Among the hardest questions Europe faced after World War II was the placement of anti-Soviet Pershing missiles on Europe's soil in 1983. Led by Helmut Kohl and Maggie Thatcher, Europe did something hard: It overcame its pacifists. A decade later, with the siege of Sarajevo, old Europe came to understand that making the hardest decisions was now beyond its reach.

Current hard questions include Pakistan and Afghanistan. Darfur is a hard question. Where to hold captured terrorists is a hard question.

Americans heard often the past four years how much Europe "hated" us because of that most complex of hard questions, the Iraq war. Unpopular wars cause bad feelings to be sure, but past some point Europe's antipathy toward the U.S. over Iraq began to sound a lot like moralistic decadence. It is a neurotic resentment of a superpower merely because it possesses the resources to do something Europe can no longer do, for good or ill.

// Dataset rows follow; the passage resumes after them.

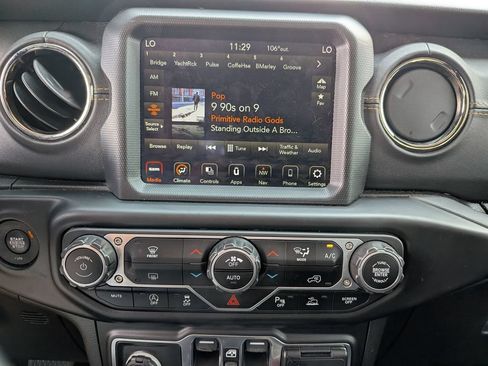 Used 2021 Jeep Gladiator Overland AWD/4WD image 30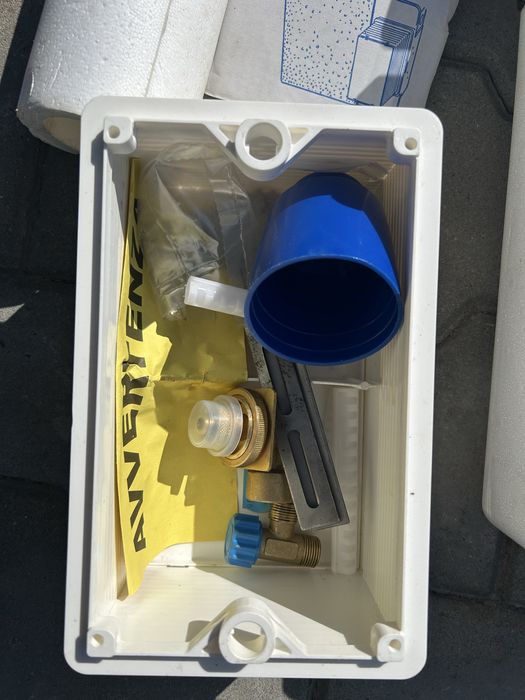 Тоалетно казанче за вграждане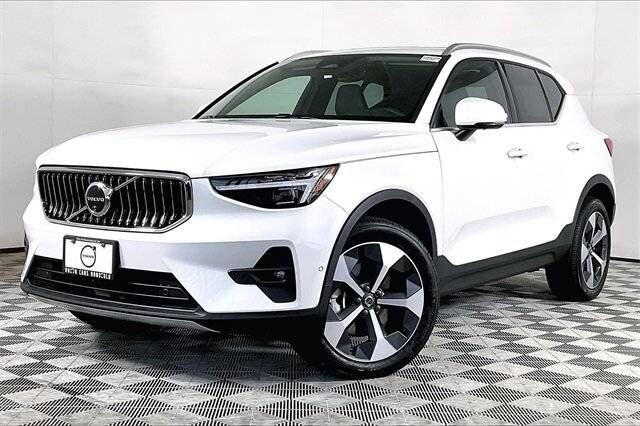 2025 VOLVO XC40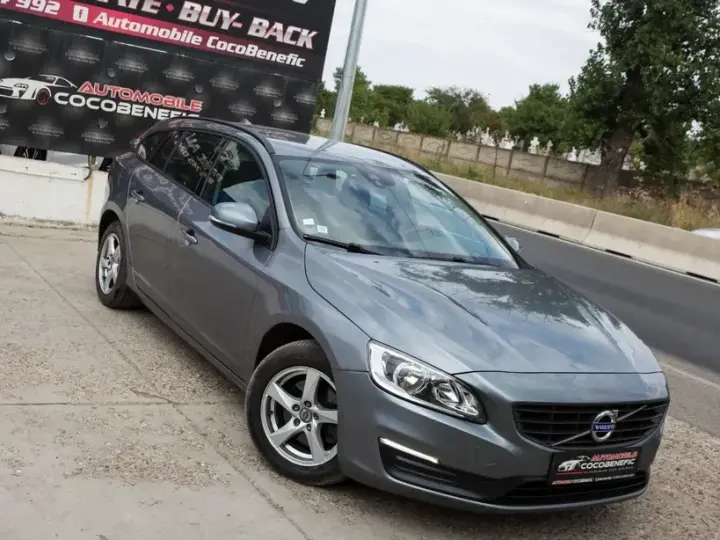 Volvo V60 I D2 Geartronic Kinetic
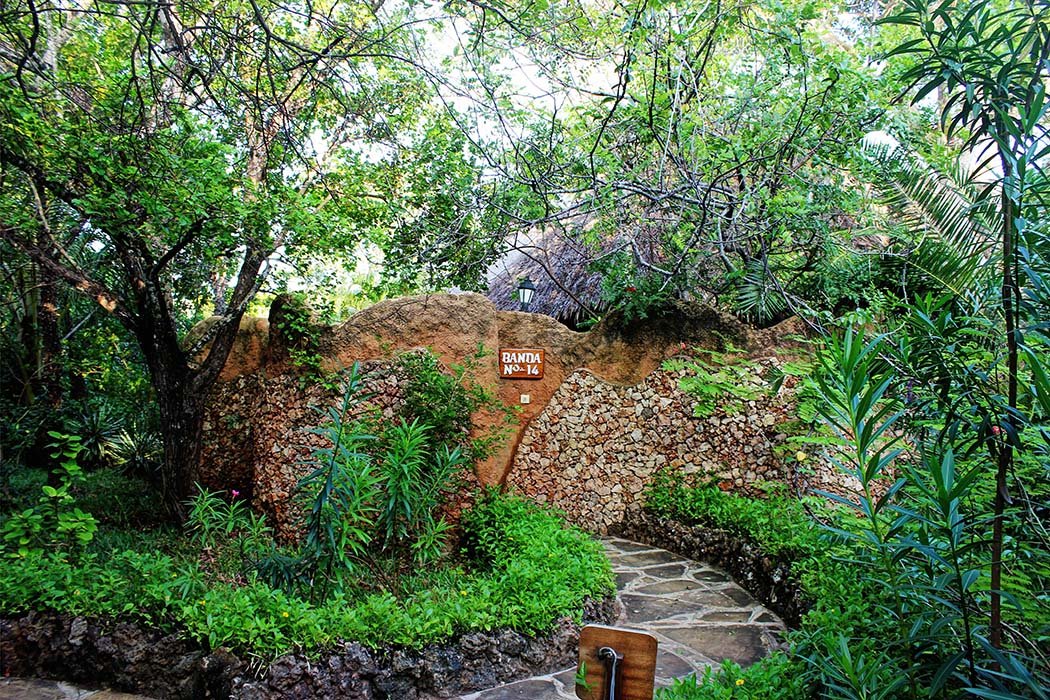 The Sands at Chale Island_front wall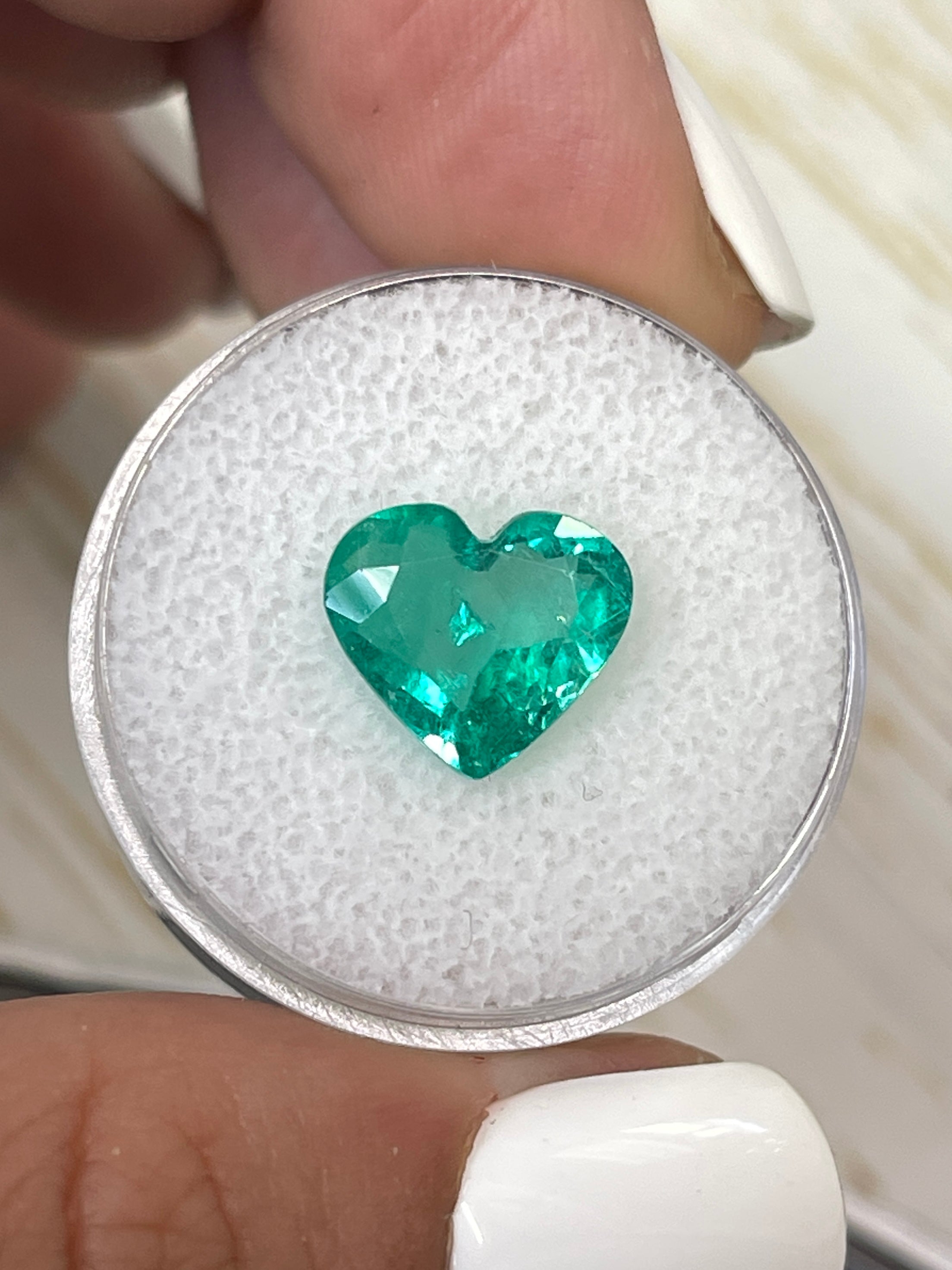 2.84 Carat 10x11mm Bright Green Natural Loose Colombian Emerald Heart Cut Gemstone for Jewelry Making, Engagement Rings & Luxury Gifts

Norwegian Nobel Committee Chairman Thorbjoern Jagland
.What we are in the process of discovering is just how much President Obama's worldview coincides with that of the continent that claims to have seen itself reflected in him and its Peace Prize.

Mr. Obama is at a crossroads in his presidency. As George W. Bush departed the White House, he said his successor would one day arrive at the need to make a decision that made clear the reality of being the American president. That moment has arrived. It is the pending troop-deployment for Afghanistan, a very hard decision.

After that, Mr. Obama will go to Oslo Dec. 10 to receive the Prize itself. That will occur in the middle of the Dec. 7-18 United Nations Climate Conference in Copenhagen, whose goal is among the explicit reasons why Mr. Obama was given the Nobel Peace Prize.

Between Afghanistan and Oslo, we're going to get some clarity about the Obama presidency.

Perhaps the most intriguing onlooker to this education is European Nicolas Sarkozy. On his good days, France's president seems aware of the political and economic decay he has inherited. So it was striking at the United Nations last month when Mr. Sarkozy said that Mr. Obama "dreams of a world without nuclear arms." Then, describing Iran's nuclear threat, he said, "At a certain moment hard facts will force us to make decisions."

By "us" he means that the U.S. must lead. In the West, only the U.S. president can still make decisions based on hard facts rather than recede into soft moralism. The day that is no longer true, the U.S. will finally deserve a decadent Nobel.